Jaijeet Roychowdhury is a Professor of EECS at the University of California at Berkeley. His research interests include machine learning, novel computational paradigms, and the analysis, simulation, verification and design of cyber-physical, electronic, biological, nanoscale and mixed-domain systems. Contributions his group has made include the concept of self-sustaining oscillators for Ising-based and von Neumann computation, novel machine-learning techniques for dynamical systems, theory and techniques for oscillator phase macromodels, injection locking and phase noise, multi-time partial differential equations, techniques for model reduction of time-varying and nonlinear systems, and open-source infrastructures for reproducible research.

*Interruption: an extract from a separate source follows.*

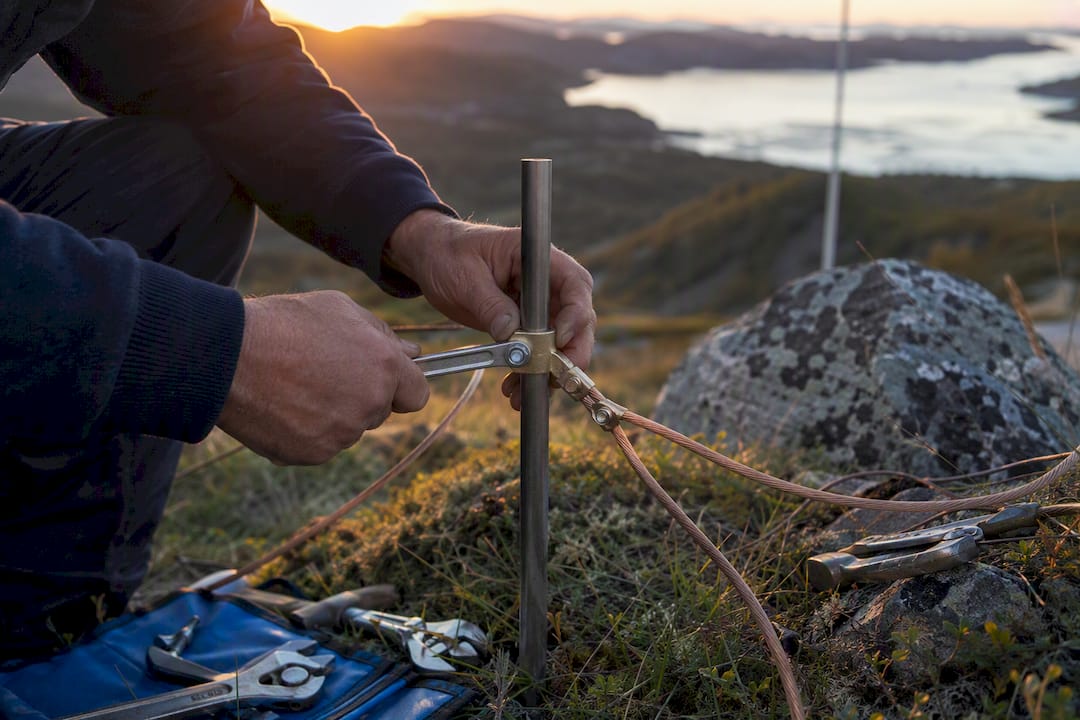 Hands installing grounding clamp on rocky ridge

Roychowdhury received a Bachelor’s degree in electrical engineering from the Indian Institute of Technology, Kanpur, India, in 1987, and a Ph.D. degree in electrical engineering and computer science from UC Berkeley in 1993. From 1993 to 1995, he was with the Computer-Aided Design (CAD) Laboratory, AT&T Bell Laboratories, Allentown, PA. From 1995 to 2000, he was with the Communication Sciences Research Division, Bell Laboratories, Murray Hill, NJ. From 2000 to 2001, he was with CeLight Inc. (an optical networking startup), Silver Spring, MD. From 2001-2008, he was with the Electrical and Computer Engineering Department and the Digital Technology Center at the University of Minnesota in Minneapolis.
Roychowdhury was cited for Extraordinary Achievement by Bell Laboratories in 1996. Over the years, he has authored or co-authored seven best or distinguished papers. He has served on technical and administrative committees within several conferences and professional organizations, including ICCAD, DAC, DATE, ASP-DAC and CEDA. Roychowdhury was a co-founder of Berkeley Design Automation, a startup later acquired by Mentor Graphics. He is a Fellow of the IEEE.
*Established in 2009, the Eleanore Hale Wilson Fund supports engineering field leaders for travel to Minnesota to share their expertise and discoveries with University of Minnesota graduate students, faculty, and alumni. The fund also supports the receptions held in honor of each speaker.